GPmix.misc

Functions

`davies_bouldin_score`(fd, y)	Compute the Davies-Bouldin score for clustering results on functional data.
`estimate_nclusters`(fdata[, ncluster_grid])	Employs a systematic search to identify the number of clusters that minimize the Akaike Information Criterion (AIC) or the Bayesian Information Criterion (BIC).
`gmms_fit_plot_`(weights, means, stdev[, ax])	Plot Gaussian mixture model (GMM) density curves.
`hybrid_representative_selection`(data, p, p1)	Select representative samples from a large dataset using a hybrid approach combining random sampling and KMeans clustering.
`match_labels`(cluster_labels, ...)	Permute cluster labels to match specified true class labels.
`silhouette_score`(fd, y, **kwargs)	Compute the silhouette score for clustering results on functional data.
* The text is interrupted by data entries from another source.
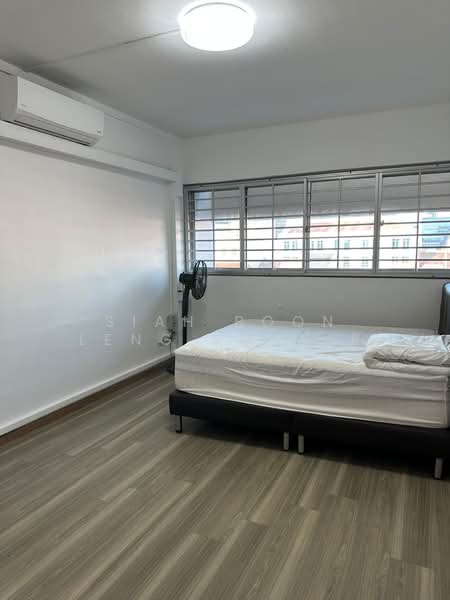 634 Veerasamy Road, 634 Veerasamy Road, 2 Bedrooms, 775 sqft, HDB Flat For Rent, by Siah Boon Leng Ronnie, 500196930 - Bedroom - PropertyGuru.com.sg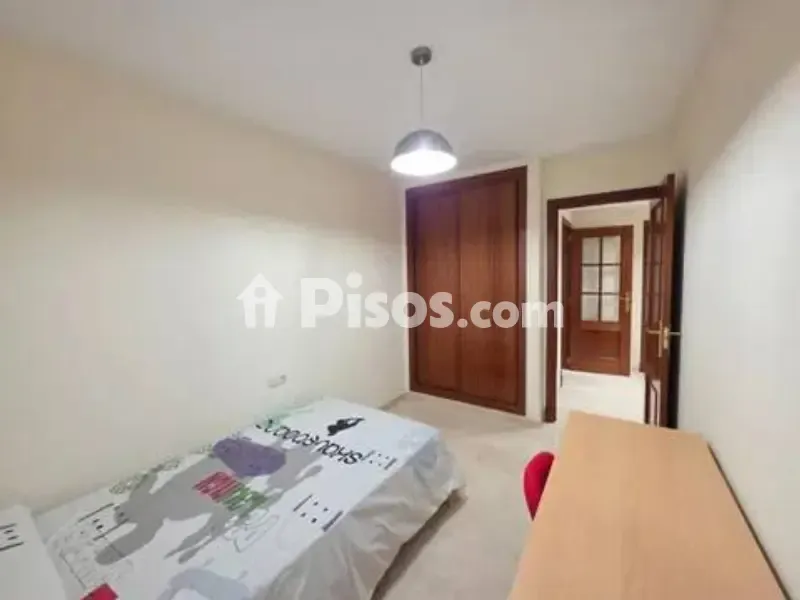 Magamistoad - Spacious Apartment with Balcony in Málaga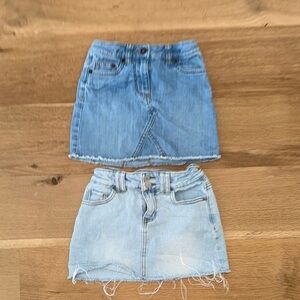 Johnnie b girls Denim Jean Mini Skirt Set of 2 girls size small 6/7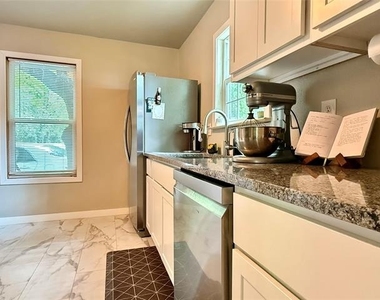 1009 Denton Street - Photo Thumbnail 11
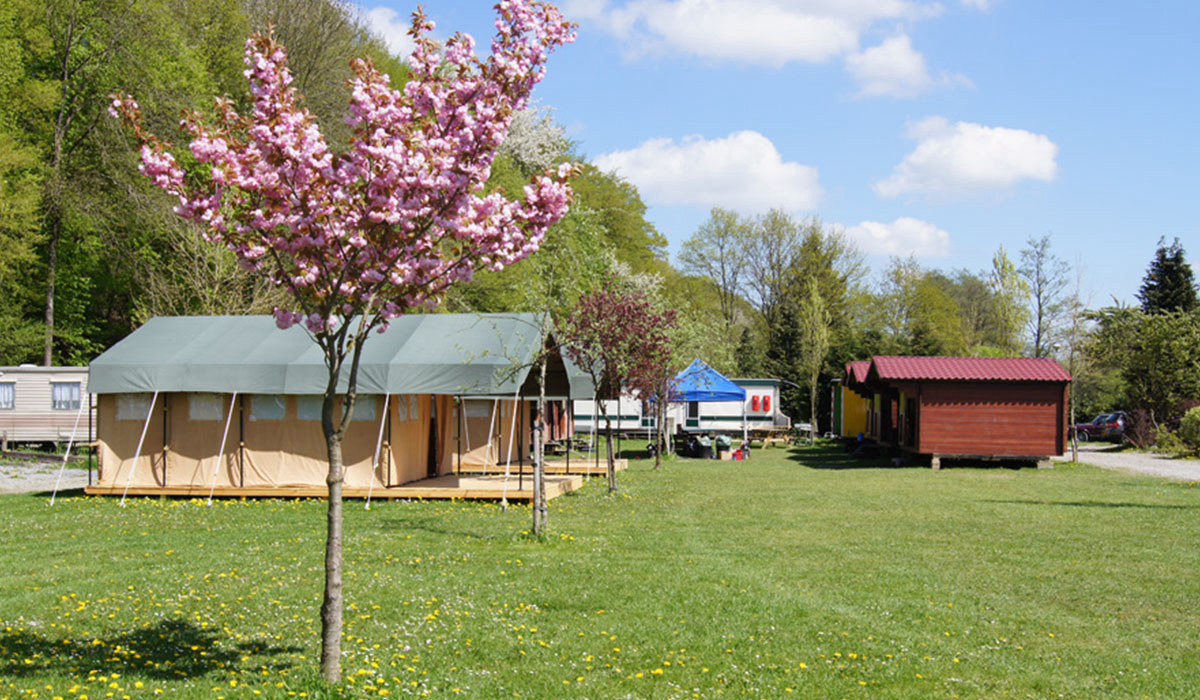 Camping Barvaux Lussemburgo - Barvaux-sur-Ourthe visuel 1/2 Camping Barvaux Lussemburgo - Barvaux-sur-Ourthe visuel 1/2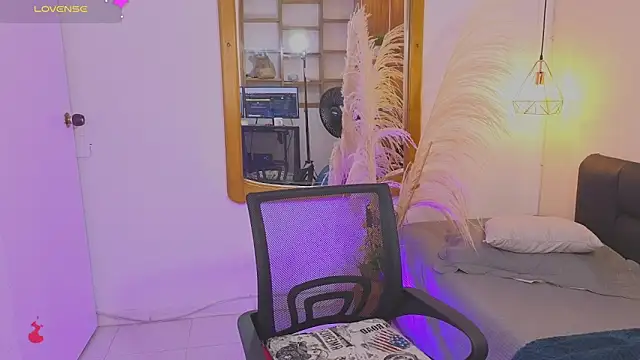 Hannah_williams1's cam snapshot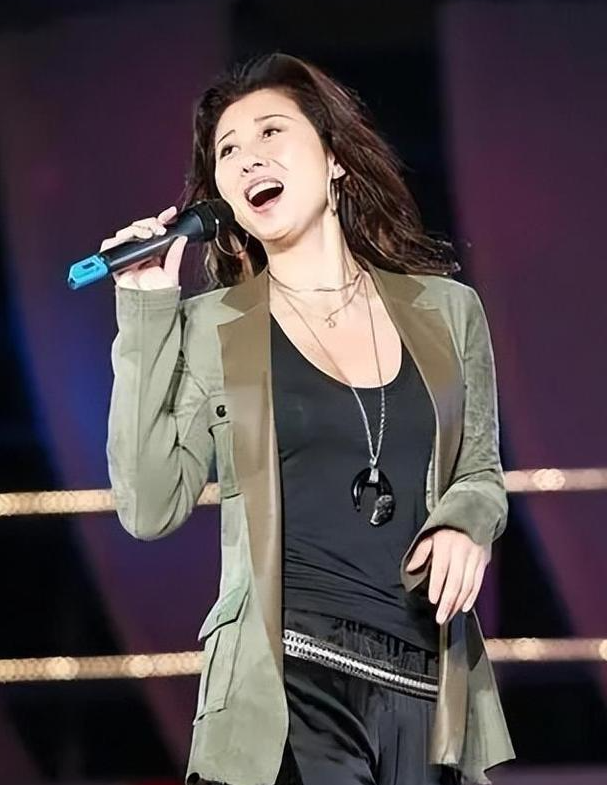 叶倩文嫁给大14岁的林子祥结婚28年无儿无女61岁已经白头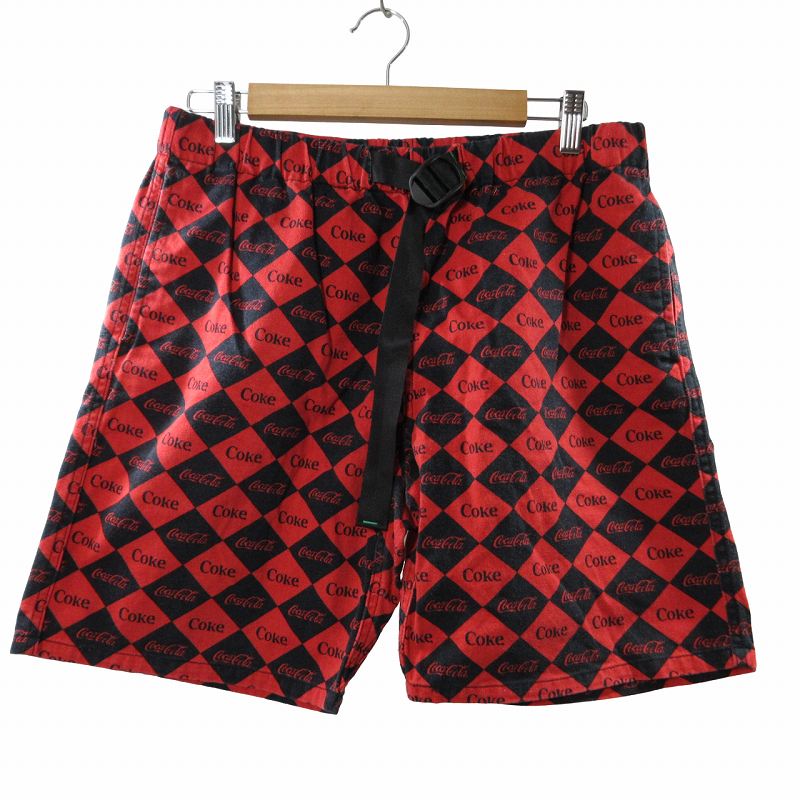 【中古】ワイルドシングス WILDTHINGS × Coca Cola コラボ コカ・コーラ ハーフパンツ ショーツ イージー ベルト アジャスター 総柄 赤 黒 Mサイズ 0408 メンズ 【ベクトル 古着】 240411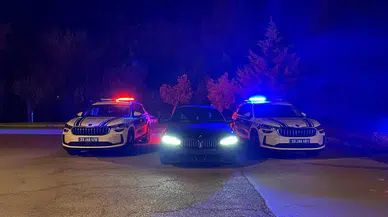 Mersin'de otoyolda drift yapan 2 sürücüye 99 bin lira ceza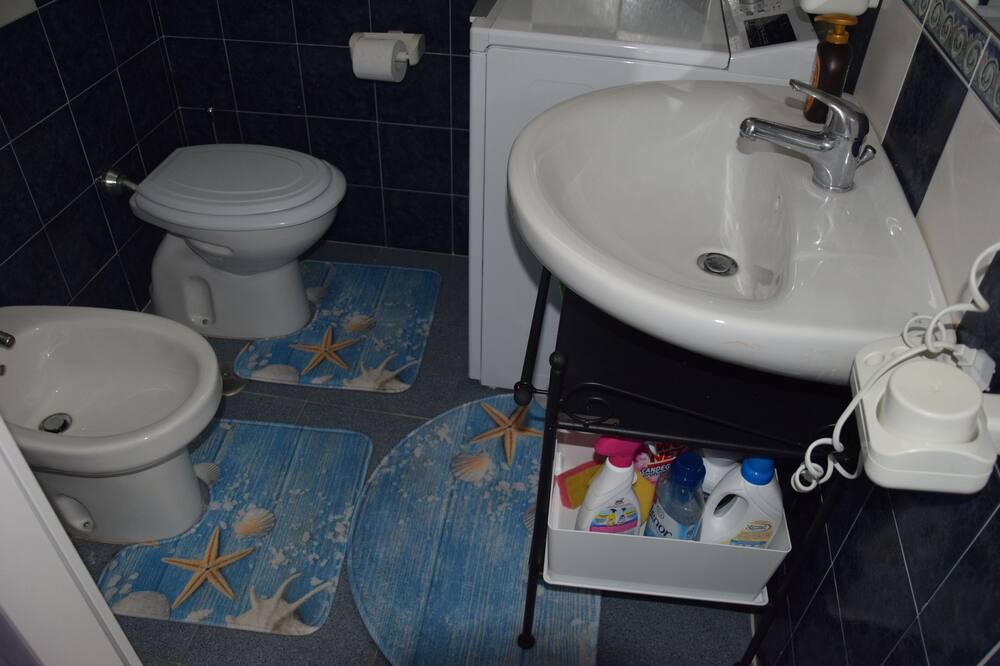 Photo of Bathroom in Sant'Andrea Apostolo dello Ionio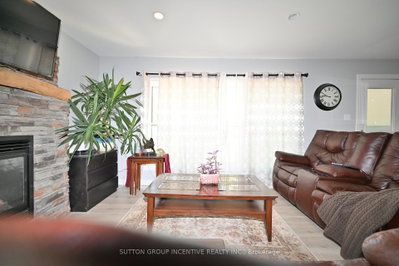 79 23RD Street N • Wasaga Beach, ON photo 6
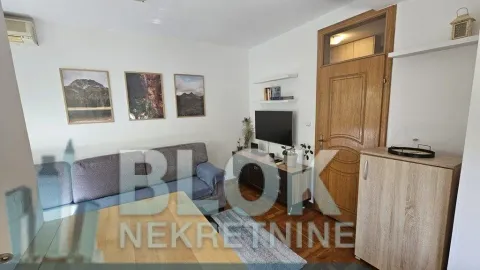 Rent, one bedroom apartment, 40m², Centar, Podgorica - image 7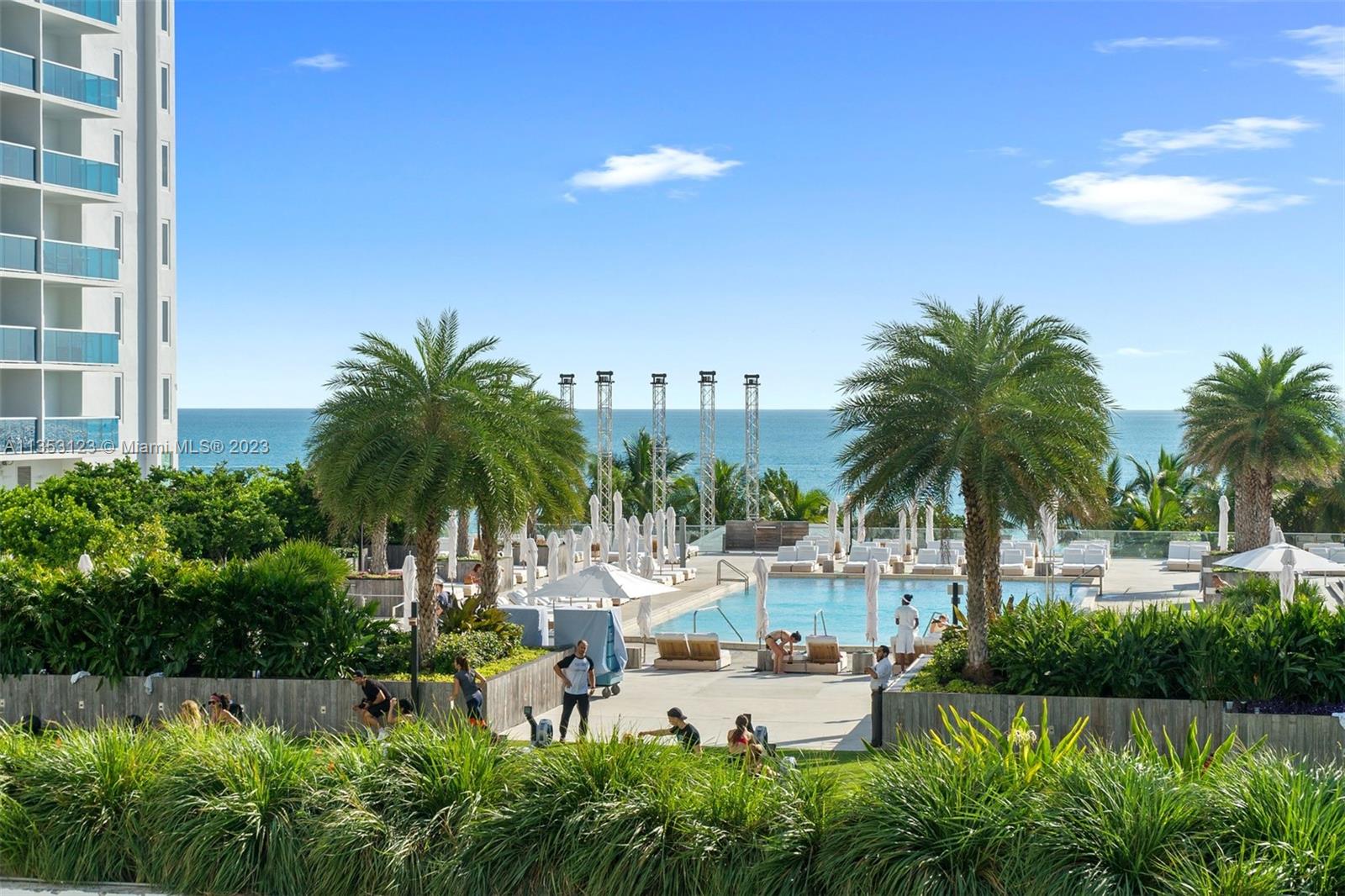 RONEY PALACE CONDO - Residential Lease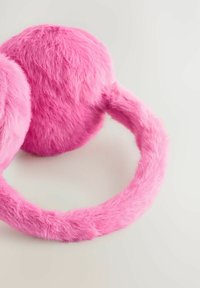 Roze nep bont oorkleppen met een ronde, luchtige vorm en een zachte, bijpassende hoofdband. De textuur lijkt pluche en fluweelachtig.
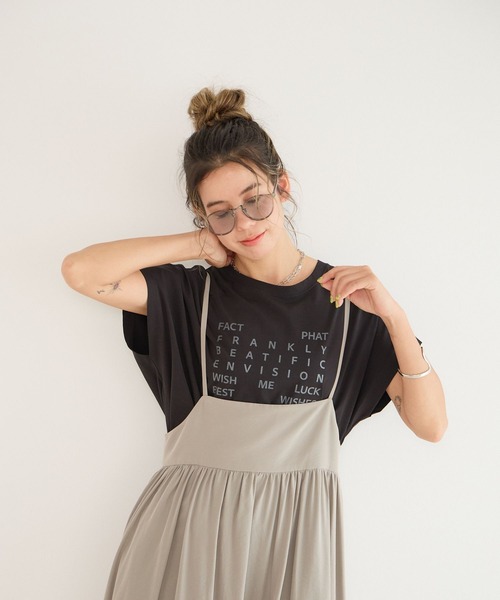 BAYFLOW(ベイフロー)の「アソートBIGロゴT(Tシャツ/カットソー・レディース・モカ/ブラック/オリーブ/オフホワイト・SMALL/MEDIUM)」の7枚目の写真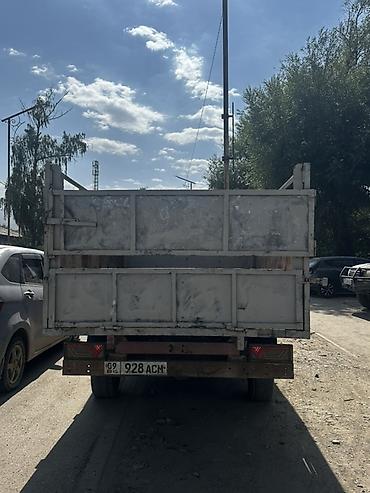 евро савок: Грузовой фургон Mercedes-Benz (кабина-дубль) с бортовой — 2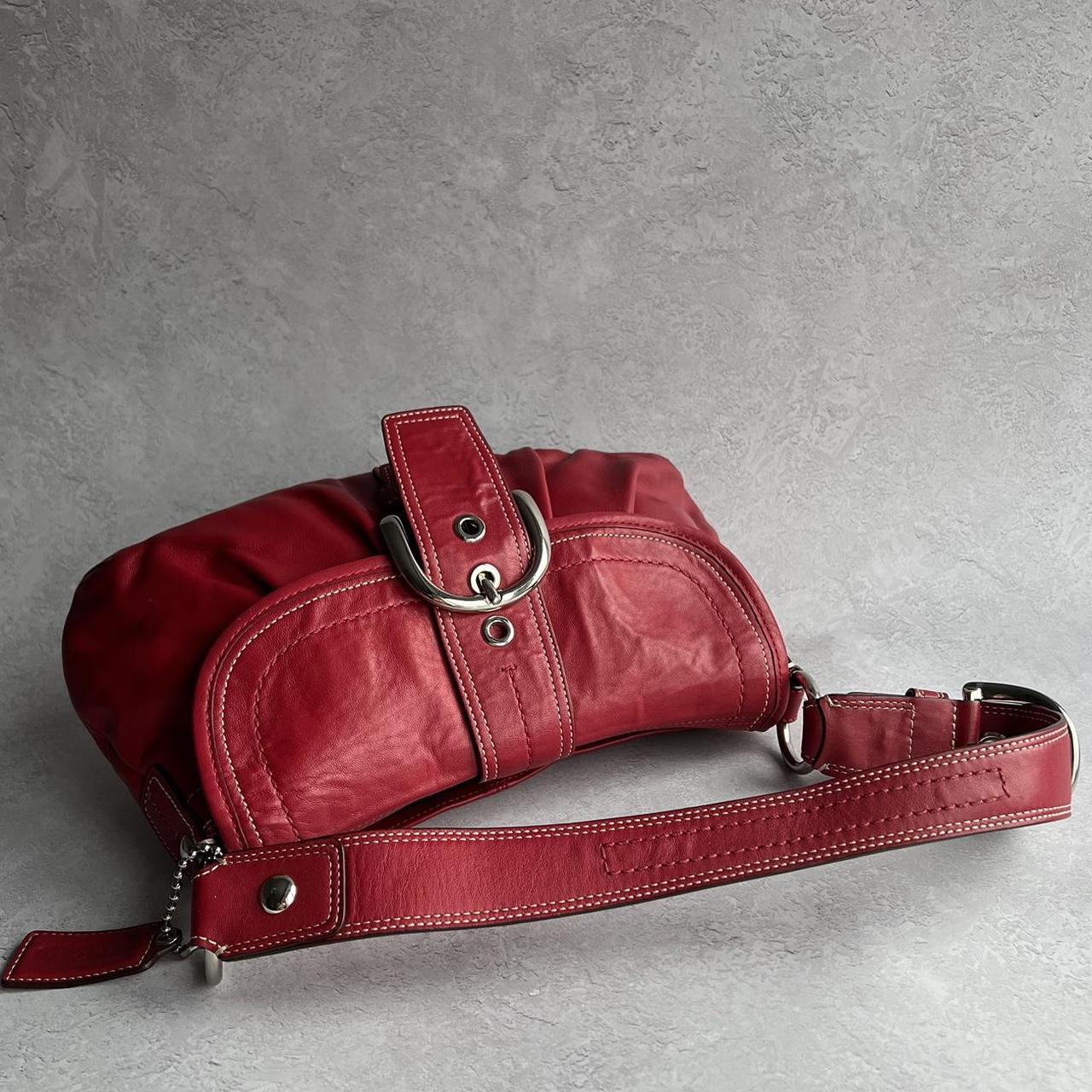coach signature pleated buckle shoulder bag - red/silver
GPmix.misc.davies_bouldin_score(fd, y)[source]

Compute the Davies-Bouldin score for clustering results on functional data.

Parameters:

fd (skfda.FDataGrid) – Functional data object containing the data matrix.
y (array-like) – Cluster labels for each sample.

Returns:

Davies-Bouldin score.

Return type:

float

GPmix.misc.estimate_nclusters(fdata, ncluster_grid=None)[source]

Employs a systematic search to identify the number of clusters that minimize the Akaike Information Criterion (AIC) or the Bayesian Information Criterion (BIC).

Parameters:

fdata (skfda.FDataGrid) – The functional dataset for which the number of clusters is to be estimated.
ncluster_grid (array-like, optional) – List or array specifying the grid within which the number of clusters is searched. Defaults to range(2, 15).

Returns:

The estimated number of clusters in the functional dataset.

Return type:

int

GPmix.misc.gmms_fit_plot_(weights, means, stdev, ax=None, **kwargs)[source]

Plot Gaussian mixture model (GMM) density curves.

Parameters:

weights (array-like) – Weights of each Gaussian component.
means (array-like) – Means of each Gaussian component.
stdev (array-like) – Standard deviations of each Gaussian component.
ax (matplotlib.axes.Axes, optional) – Axis to plot on. If None, uses the current axis.
**kwargs (dict) – Additional keyword arguments passed to matplotlib plot.

Return type:

None

GPmix.misc.hybrid_representative_selection(data, p, p1)[source]

Select representative samples from a large dataset using a hybrid approach combining random sampling and KMeans clustering.

This method first randomly samples a proportion p of the data, then applies KMeans clustering to this subset to select a smaller set of representative samples.

Parameters:

data (skfda.FDataGrid or np.ndarray) – Functional dataset or array to sample from.
p (float) – Proportion of data to randomly sample (0 < p < 1).
p1 (float) – Proportion of data to use as representative samples (0 < p1 < p).

Returns:

Representative samples selected by KMeans clustering.

Return type:

skfda.FDataGrid or np.ndarray

Raises:

AssertionError – If p1 is not less than p.
ValueError – If data is not of type skfda.FDataGrid or np.ndarray.

GPmix.misc.match_labels(cluster_labels, true_class_labels, cluster_class_labels_perm)[source]

Permute cluster labels to match specified true class labels.

Parameters:

cluster_labels (array-like) – Cluster labels assigned by a clustering algorithm.
true_class_labels (array-like) – True class labels to match.
cluster_class_labels_perm (array-like) – Permutation of cluster labels to match true labels.

Returns:

Array of matched labels.

Return type:

np.ndarray

GPmix.misc.silhouette_score(fd, y, **kwargs)[source]

Compute the silhouette score for clustering results on functional data.

Parameters:

fd (skfda.FDataGrid) – Functional data object containing the data matrix.
y (array-like) – Cluster labels for each sample.
**kwargs (dict) – Additional keyword arguments passed to sklearn.metrics.silhouette_score.

Returns:

Silhouette score.

Return type:

float